Prancis Datang dengan Skuad Bertabur Bintang
Secara komposisi, Prancis memang menjadi salah satu kandidat kuat untuk merebut gelar juara dunia. Tim asuhan Didier Deschamps memiliki keseimbangan di setiap lini.
Di sektor belakang, terdapat kombinasi pemain seperti William Saliba, Ibrahima Konate, Jules Kounde, dan Theo Hernandez yang dikenal kuat dalam bertahan sekaligus berperan dalam membantu serangan.
Pada lini tengah, Prancis mengandalkan keseimbangan permainan lewat Aurelien Tchouameni, Adrien Rabiot, dan N'Golo Kante.
Sementara di lini depan, Les Bleus memiliki deretan pemain tajam seperti Kylian Mbappe, Ousmane Dembele, Michael Olise, Desire Doue, dan Marcus Thuram.
Strategi Didier Deschamps
Didier Deschamps dikenal sebagai pelatih yang menekankan keseimbangan dalam permainan. Ia tidak selalu mengandalkan serangan total, melainkan fokus membangun tim yang efisien dan sulit dikalahkan.

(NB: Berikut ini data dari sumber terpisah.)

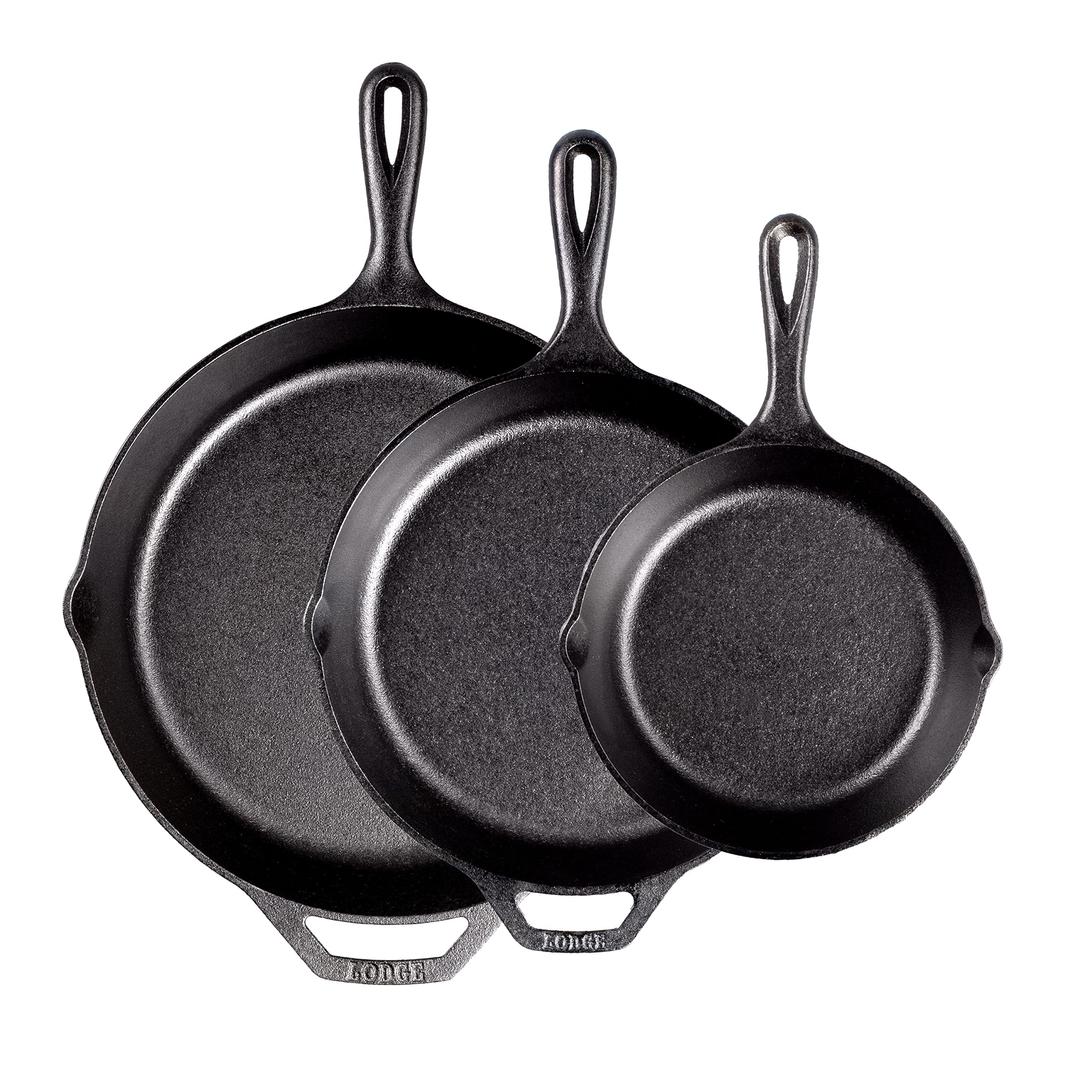 Lodge Pre-Seasoned Cast Iron Skillet Set - Set Includes 8 Inch Skillet, 10.25 Inch Skillet, and 12 inch Skillet - 3 Piece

Formasi 4-3-3 dan 4-2-3-1 menjadi pola yang sering diterapkannya. Saat menyerang, Prancis banyak memanfaatkan kecepatan transisi dari sayap menuju area pertahanan lawan.
Peran Mbappe dinilai sangat krusial berkat kecepatannya, kemampuan menggiring bola, serta penyelesaian akhir yang selalu menjadi ancaman bagi lawan.
Dengan kombinasi antara pemain berpengalaman, talenta muda, serta pengalaman Didier Deschamps di level internasional, Prancis kembali menjadi salah satu tim yang diperhitungkan dalam perebutan gelar juara dunia.
Bagi Saleh Ridha, modal tersebut sudah cukup untuk membawa Les Bleus kembali tampil di partai puncak.
"Kalau saya tetap yakin, Prancis final. Bahkan bisa juara dunia lagi," tegasnya.